RFR(S) 8249293: Unsafe stackwalk in VM_GetOrSetLocal::doit_prologue()
David Holmes
david.holmes at oracle.com
Tue Aug 18 05:20:07 UTC 2020
Hi Richard,
The test seems a lot clearer to me now. I'll leave it to you are Serguei
to iron out any last wrinkles as I am disappearing on vacation for a
week after today. But you have my Review.
Thanks,
David
On 15/08/2020 12:06 am, Reingruber, Richard wrote:
> Hi Serguei,
>
> thanks for the feedback. I have implemented your suggestions and created a new
> webrev:
>
> Webrev: http://cr.openjdk.java.net/~rrich/webrevs/8249293/webrev.4/
> Delta: http://cr.openjdk.java.net/~rrich/webrevs/8249293/webrev.4.inc/
>
> Please find my replies to your comments below.
>
> Best regards,
> Richard.
>
>> http://cr.openjdk.java.net/~rrich/webrevs/8249293/webrev.3.inc/test/hotspot/jtreg/serviceability/jvmti/GetLocalVariable/GetLocalWithoutSuspendTest.java.frames.html
>
>> 33 * the stack walk. The target thread's stack is walkable while in native. After sending the notification it
>> ...
>
>> 54 * @param depth Depth of target frame for GetLocalObject() call. Should be large value to prolong the unsafe stack walk.

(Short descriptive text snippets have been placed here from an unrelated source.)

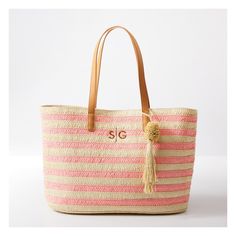 Take summery nautical style wherever your roam with this roomy straw bag. Designed for all your essentials for sunbathing on the sand or lazing by the lake, this sophisticated tote is equally at home in town as an everyday carryall. Crocheted from alternating colors of paper straw for a striped design, with a pom pom tassel and vegan leather handles for comfortable toting. Add a custom monogram to make it your own.    21"w x 6"d x 13"h  Handle drop: 9.5"  100% paper; vegan leather (polyurethane) Beachy Sand-colored Beach Bag With Braided Handles, Beachy Sand-colored Straw Bag, Pink Straw Tote Bag, Spring Vacation Crochet Bag With Handles, Straw Beach Bag With Adjustable Strap For Shopping, Chic Basket Beach Bag For Travel, Pink Straw Shoulder Bag For Summer, Chic Travel Beach Bag Basket Shape, Pink Straw Shopping Bag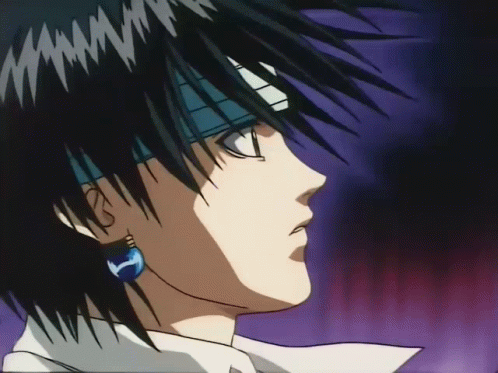 A Close Up Of A Man 'S Face With A Blue Earring GIF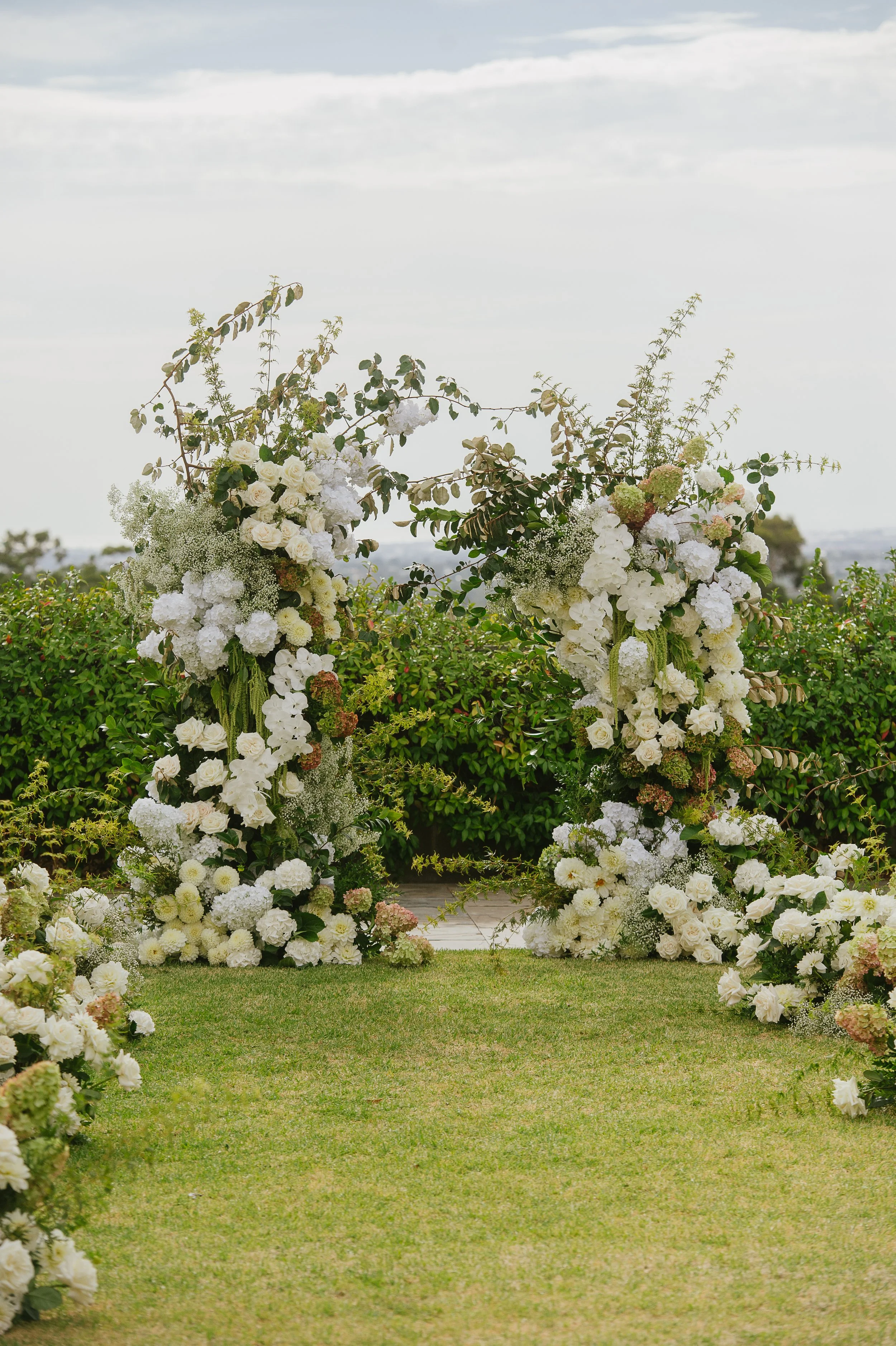 Floral wedding arch made of white roses, hydrangeas, and greenery on a grassy outdoor area with a cloudy sky background.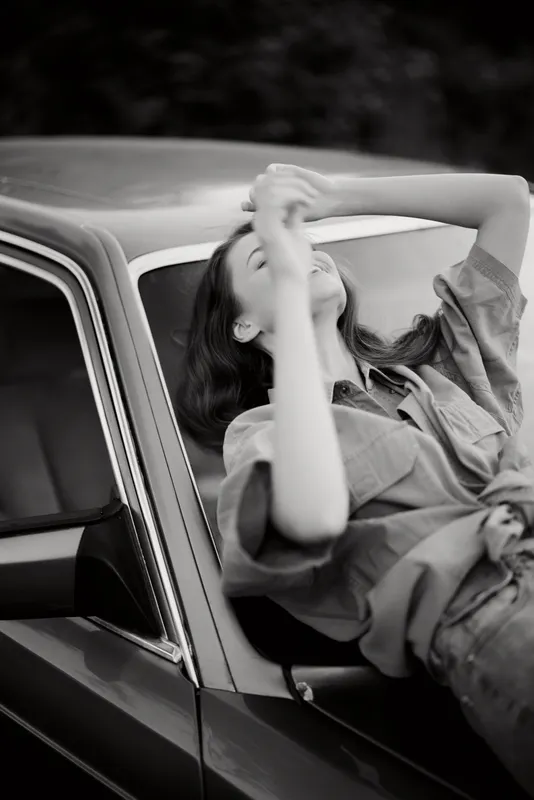 Black and white portrait of a young woman enjoying a carefree moment by a vintage car, showcasing relaxed emotions and a timeless style.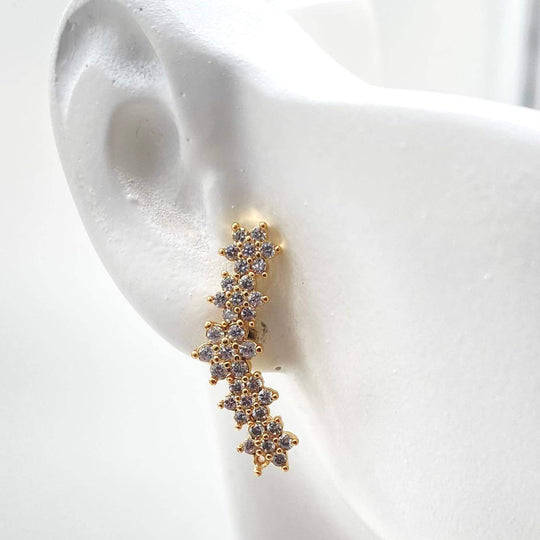 Arete estrellas – Chapa de Oro 18K | MAEL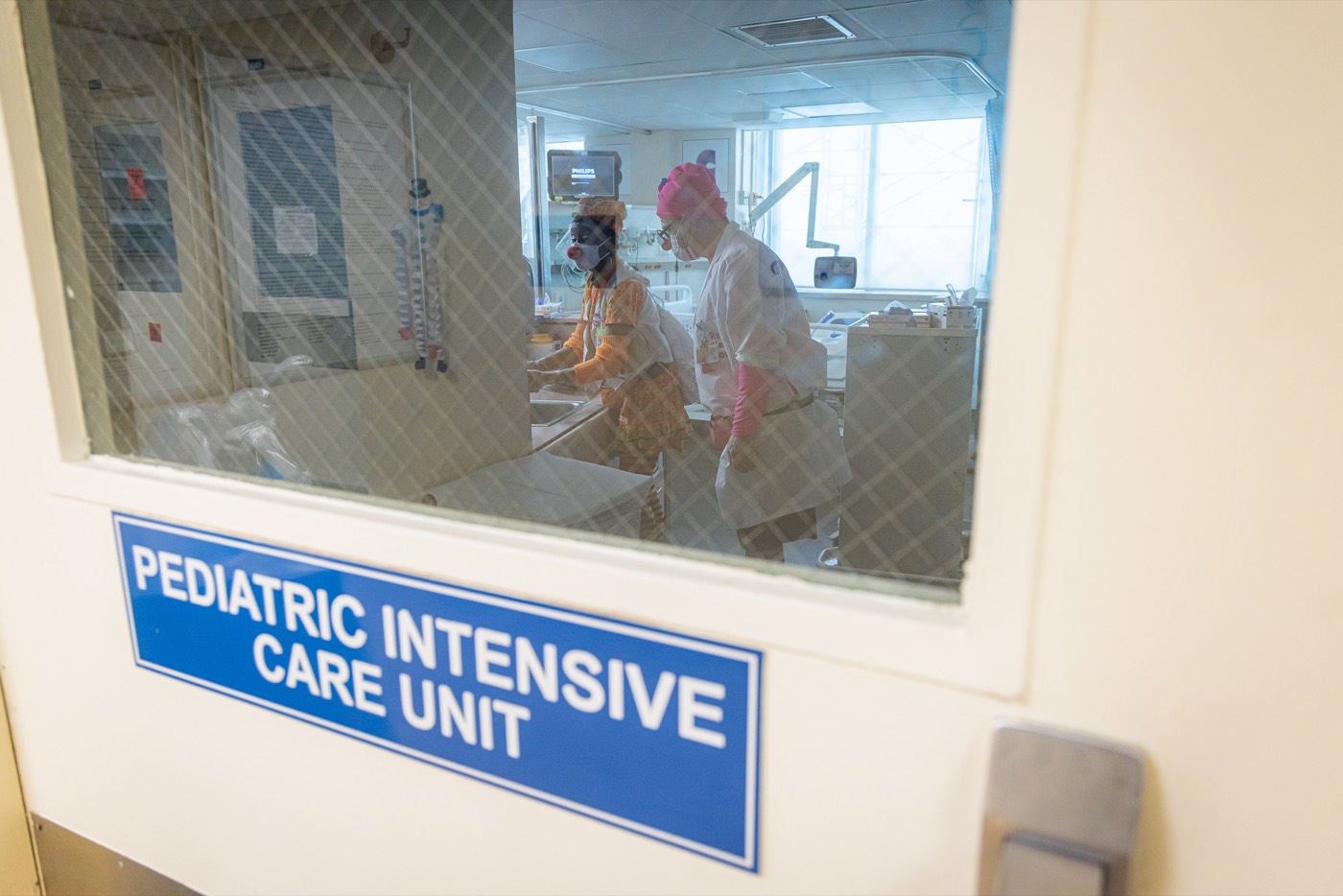 Two gowned Red Nose Docs at work inside a pediatric intensive care unit, seen through the unit window.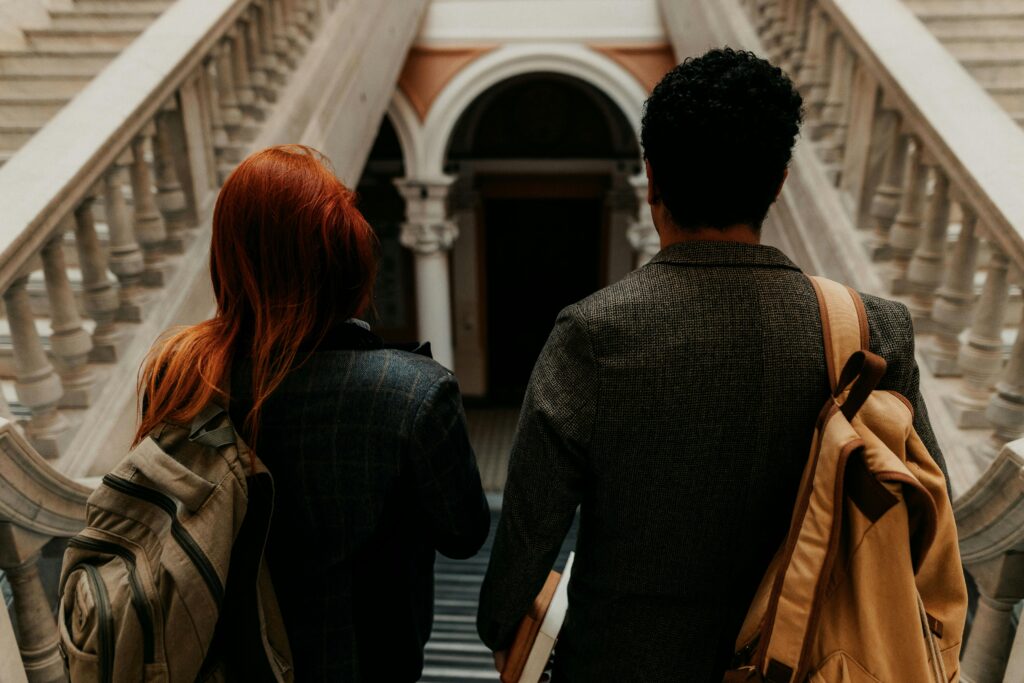 Two university students with backpacks walk down a grand staircase in a historic building.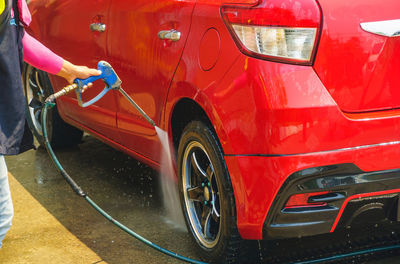 View of red car on street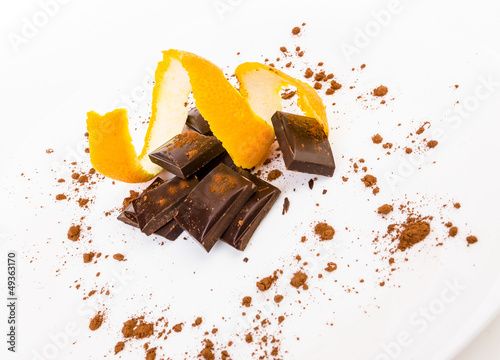 broken dark chocolate with orange peel photo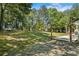 Expansive backyard showcasing a play area with a trampoline and swing set, creating a fun outdoor space at 1007 Wayne Dr, Snellville, GA 30078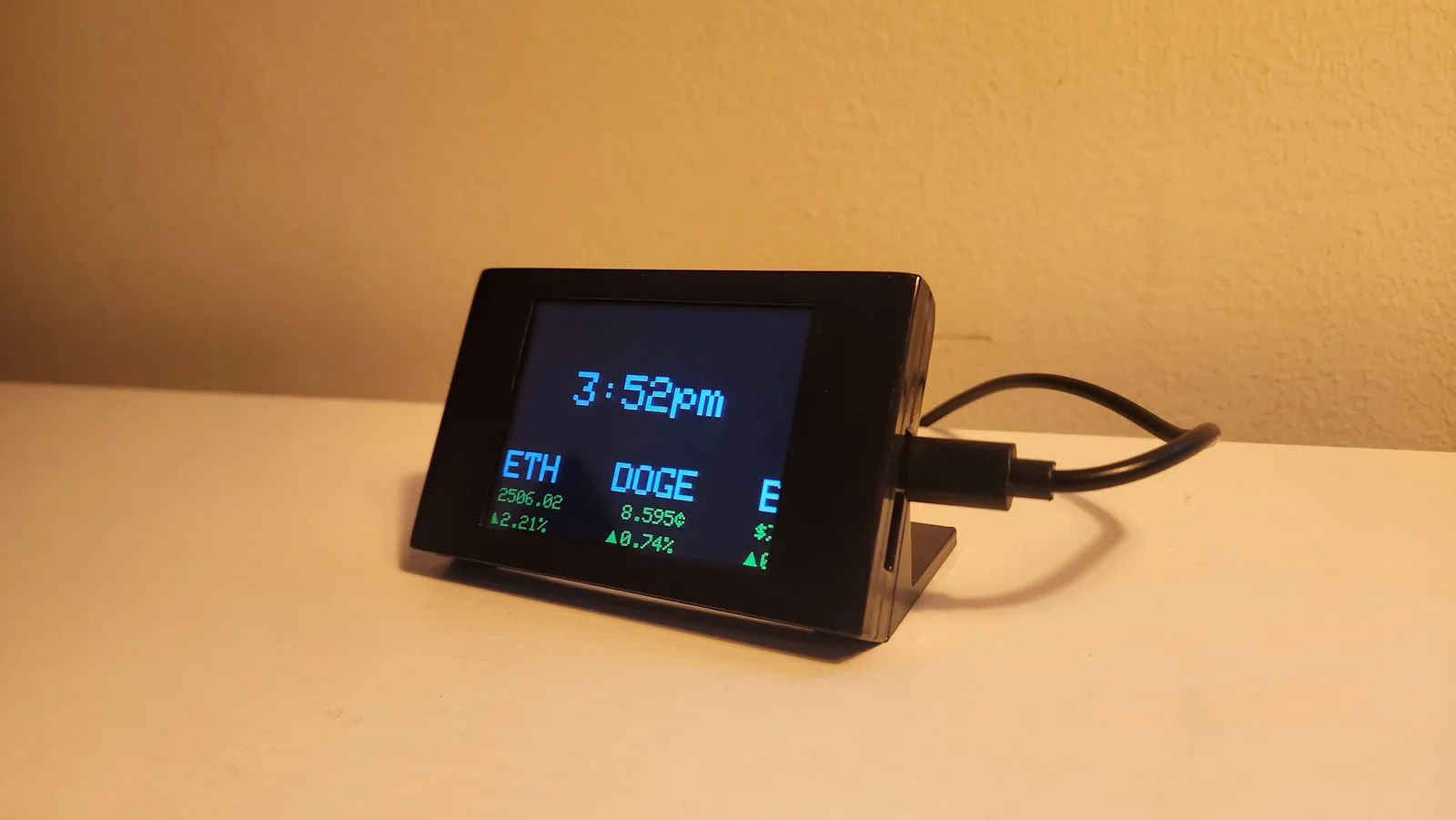 Angled view of the desktop ticker showing a live crypto watchlist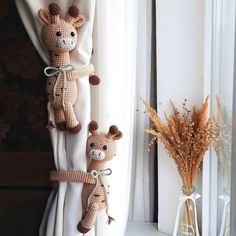 two stuffed giraffes are hanging on the curtain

>> 55 * @param waitTimeInNativeAfterNotify Time to wait after notify with walkable stack before returning an becoming unsafe again.
>> ...
>
>> 71 * Wait time in native, i.e. with walkable stack, after notifying agent thread to do GetLocalObject() call.
>> ...
>
>> 89 msg((now -start) + " ms Iteration : " + iterations + " waitTimeInNativeAfterNotify : " + waitTimeInNativeAfterNotify);
>
>> Could you, please, re-balance the lines above to make them shorter?
>
> Ok, done.
>
>
>> 90 int newTargetDepth = recursiveMethod(0, targetDepth);
>> 91 if (newTargetDepth < targetDepth) {
>> 92 msg("StackOverflowError during test.");
>> 93 msg("Old target depth: " + targetDepth);
>> 94 msg("Retry with new target depth: " + newTargetDepth);
>> 95 targetDepth = newTargetDepth;
>> 96 }
>> A comment is needed to explain why a StackOverflowError is not desired.
>> At least, it is not obvious initially.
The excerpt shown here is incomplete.